> **About this exercise**:
Select and copy out every line in the records containing "Oval".

(Collection entries)
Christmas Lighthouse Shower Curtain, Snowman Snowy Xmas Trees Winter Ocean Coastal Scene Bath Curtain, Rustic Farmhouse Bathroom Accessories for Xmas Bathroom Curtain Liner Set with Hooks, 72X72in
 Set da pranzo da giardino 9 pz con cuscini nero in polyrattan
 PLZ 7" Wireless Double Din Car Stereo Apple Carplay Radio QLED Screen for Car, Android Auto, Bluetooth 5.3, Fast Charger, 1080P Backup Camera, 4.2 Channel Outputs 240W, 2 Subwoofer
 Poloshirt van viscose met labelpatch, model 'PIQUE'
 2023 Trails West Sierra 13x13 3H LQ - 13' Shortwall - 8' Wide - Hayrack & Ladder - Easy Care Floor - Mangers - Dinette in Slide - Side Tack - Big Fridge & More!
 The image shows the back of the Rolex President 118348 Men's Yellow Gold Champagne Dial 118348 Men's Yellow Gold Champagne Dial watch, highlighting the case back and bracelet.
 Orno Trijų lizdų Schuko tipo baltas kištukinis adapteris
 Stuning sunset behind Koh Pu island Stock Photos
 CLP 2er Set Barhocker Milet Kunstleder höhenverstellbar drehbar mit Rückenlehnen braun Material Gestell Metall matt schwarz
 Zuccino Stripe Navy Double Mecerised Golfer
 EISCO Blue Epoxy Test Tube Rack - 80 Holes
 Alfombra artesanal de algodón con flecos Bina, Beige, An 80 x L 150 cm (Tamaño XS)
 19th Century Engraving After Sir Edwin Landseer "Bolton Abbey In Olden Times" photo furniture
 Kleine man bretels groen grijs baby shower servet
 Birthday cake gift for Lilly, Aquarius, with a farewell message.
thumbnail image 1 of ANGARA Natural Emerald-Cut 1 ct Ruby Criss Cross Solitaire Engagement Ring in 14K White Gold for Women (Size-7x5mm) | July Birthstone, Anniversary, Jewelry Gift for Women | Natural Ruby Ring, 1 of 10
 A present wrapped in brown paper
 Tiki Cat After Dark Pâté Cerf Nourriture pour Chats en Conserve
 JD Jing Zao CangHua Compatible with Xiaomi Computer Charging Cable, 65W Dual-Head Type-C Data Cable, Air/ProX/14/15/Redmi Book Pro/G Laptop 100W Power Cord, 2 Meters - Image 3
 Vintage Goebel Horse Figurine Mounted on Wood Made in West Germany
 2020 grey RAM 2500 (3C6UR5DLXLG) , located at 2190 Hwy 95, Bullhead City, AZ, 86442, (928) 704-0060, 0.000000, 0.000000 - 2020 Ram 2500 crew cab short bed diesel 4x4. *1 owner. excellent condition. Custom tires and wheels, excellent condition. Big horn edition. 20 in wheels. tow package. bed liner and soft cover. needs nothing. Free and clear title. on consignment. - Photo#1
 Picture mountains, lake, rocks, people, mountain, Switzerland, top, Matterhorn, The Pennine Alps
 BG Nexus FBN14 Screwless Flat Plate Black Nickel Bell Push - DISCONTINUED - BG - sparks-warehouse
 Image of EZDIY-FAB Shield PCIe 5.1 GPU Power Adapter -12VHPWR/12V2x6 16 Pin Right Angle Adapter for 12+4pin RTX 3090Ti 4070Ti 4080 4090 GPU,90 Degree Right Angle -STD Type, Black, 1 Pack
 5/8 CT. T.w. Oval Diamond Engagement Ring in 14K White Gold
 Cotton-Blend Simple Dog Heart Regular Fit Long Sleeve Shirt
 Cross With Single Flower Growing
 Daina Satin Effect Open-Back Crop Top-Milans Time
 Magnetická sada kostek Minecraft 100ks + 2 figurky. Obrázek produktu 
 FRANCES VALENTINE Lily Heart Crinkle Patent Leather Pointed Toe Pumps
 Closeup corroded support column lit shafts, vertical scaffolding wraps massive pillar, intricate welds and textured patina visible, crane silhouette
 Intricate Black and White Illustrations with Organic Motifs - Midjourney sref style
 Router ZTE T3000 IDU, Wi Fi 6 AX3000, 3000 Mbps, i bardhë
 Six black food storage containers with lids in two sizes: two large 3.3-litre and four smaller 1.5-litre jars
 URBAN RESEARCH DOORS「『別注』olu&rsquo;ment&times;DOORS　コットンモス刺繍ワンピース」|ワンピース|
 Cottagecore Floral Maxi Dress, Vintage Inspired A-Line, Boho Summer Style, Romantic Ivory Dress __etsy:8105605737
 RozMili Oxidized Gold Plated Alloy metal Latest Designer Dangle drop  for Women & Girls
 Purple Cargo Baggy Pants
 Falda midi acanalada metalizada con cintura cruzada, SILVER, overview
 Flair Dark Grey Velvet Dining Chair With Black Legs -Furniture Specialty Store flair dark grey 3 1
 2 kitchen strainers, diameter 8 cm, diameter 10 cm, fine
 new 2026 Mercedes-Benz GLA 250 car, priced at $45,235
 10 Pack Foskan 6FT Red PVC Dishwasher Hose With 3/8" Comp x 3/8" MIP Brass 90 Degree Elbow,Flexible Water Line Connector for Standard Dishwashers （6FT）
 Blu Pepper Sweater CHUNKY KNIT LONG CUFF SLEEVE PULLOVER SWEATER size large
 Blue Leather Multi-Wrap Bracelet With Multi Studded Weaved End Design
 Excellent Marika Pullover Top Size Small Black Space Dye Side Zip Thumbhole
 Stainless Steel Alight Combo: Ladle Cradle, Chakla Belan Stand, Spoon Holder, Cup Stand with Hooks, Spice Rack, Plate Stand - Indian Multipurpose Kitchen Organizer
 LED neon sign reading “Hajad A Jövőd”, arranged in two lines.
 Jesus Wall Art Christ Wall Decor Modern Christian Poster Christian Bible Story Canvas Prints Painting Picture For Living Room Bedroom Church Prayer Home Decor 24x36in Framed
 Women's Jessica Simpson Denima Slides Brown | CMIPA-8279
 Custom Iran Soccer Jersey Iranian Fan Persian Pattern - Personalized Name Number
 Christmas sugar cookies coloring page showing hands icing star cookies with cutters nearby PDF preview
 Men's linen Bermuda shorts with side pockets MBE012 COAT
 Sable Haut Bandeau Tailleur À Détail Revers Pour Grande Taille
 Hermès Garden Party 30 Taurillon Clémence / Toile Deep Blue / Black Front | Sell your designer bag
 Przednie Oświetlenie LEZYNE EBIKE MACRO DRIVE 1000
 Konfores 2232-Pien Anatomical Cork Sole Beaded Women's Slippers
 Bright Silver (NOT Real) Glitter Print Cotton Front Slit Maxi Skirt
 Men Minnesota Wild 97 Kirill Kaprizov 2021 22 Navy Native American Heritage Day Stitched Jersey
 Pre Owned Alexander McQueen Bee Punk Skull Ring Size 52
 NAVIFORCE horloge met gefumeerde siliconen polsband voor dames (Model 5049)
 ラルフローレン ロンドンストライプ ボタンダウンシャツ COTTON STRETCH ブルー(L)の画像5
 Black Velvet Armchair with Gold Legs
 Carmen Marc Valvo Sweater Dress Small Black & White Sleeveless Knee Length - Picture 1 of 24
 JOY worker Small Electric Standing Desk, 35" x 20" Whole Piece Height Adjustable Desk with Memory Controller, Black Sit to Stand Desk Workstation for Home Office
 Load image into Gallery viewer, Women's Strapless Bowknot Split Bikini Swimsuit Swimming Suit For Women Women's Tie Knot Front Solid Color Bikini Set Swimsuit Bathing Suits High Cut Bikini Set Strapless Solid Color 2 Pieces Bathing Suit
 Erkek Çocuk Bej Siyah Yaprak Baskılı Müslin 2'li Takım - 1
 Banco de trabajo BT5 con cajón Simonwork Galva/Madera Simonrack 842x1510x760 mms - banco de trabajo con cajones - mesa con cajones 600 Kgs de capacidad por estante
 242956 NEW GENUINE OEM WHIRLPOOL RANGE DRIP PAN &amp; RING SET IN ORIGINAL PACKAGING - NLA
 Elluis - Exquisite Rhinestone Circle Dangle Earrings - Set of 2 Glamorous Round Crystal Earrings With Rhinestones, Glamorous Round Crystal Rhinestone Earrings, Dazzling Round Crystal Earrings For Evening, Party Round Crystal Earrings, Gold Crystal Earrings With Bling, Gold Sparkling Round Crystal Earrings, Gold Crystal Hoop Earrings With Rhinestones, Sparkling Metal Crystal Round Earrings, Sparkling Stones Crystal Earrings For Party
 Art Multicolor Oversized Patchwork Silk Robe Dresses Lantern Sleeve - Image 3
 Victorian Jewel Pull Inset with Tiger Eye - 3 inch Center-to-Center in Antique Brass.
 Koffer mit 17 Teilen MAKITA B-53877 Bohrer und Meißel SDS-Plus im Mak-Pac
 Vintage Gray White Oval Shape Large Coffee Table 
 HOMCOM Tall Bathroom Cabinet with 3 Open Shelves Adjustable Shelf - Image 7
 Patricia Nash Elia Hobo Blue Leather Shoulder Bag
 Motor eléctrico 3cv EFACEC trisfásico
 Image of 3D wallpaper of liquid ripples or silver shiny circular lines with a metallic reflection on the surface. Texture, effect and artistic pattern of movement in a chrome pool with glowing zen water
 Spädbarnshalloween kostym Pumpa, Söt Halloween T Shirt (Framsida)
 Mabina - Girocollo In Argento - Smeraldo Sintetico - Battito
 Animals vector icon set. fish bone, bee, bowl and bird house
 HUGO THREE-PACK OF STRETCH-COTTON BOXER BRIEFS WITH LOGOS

> **Solution to this problem**:
 5/8 CT. T.w. Oval Diamond Engagement Ring in 14K White Gold
 Vintage Gray White Oval Shape Large Coffee Table 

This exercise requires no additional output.